## WHAT YOU HAVE TO DO:
Give back the data below word for word. Any image in it should be left out.

## DATA SEGMENT:
--------

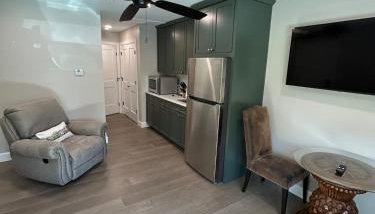 Cozy Couples Retreat 10 minutes to Beach & Downtown - Foto 5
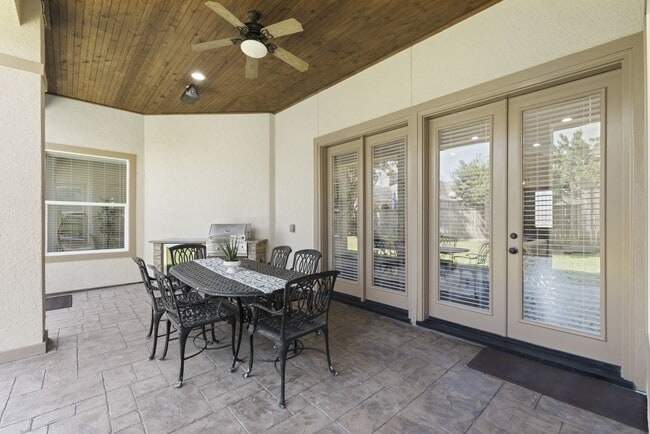 Building Photo - 26214 Kingsgate Ln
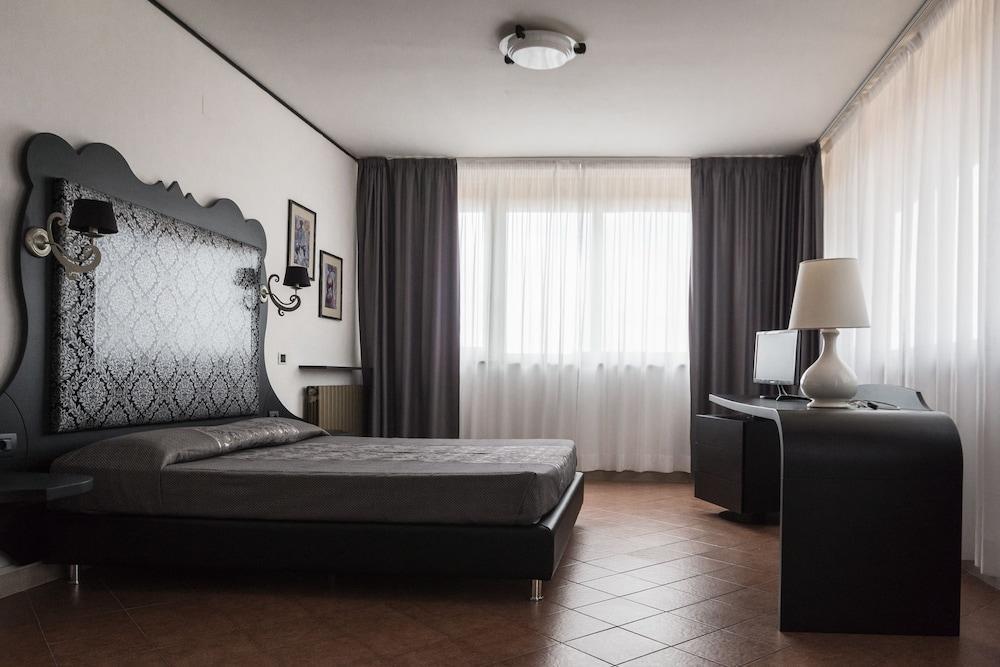 Park Hotel Residence Orbetello Luaran gambar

--------

## PROBLEM SOLUTION:
 Cozy Couples Retreat 10 minutes to Beach & Downtown - Foto 5
 Building Photo - 26214 Kingsgate Ln
 Park Hotel Residence Orbetello Luaran gambar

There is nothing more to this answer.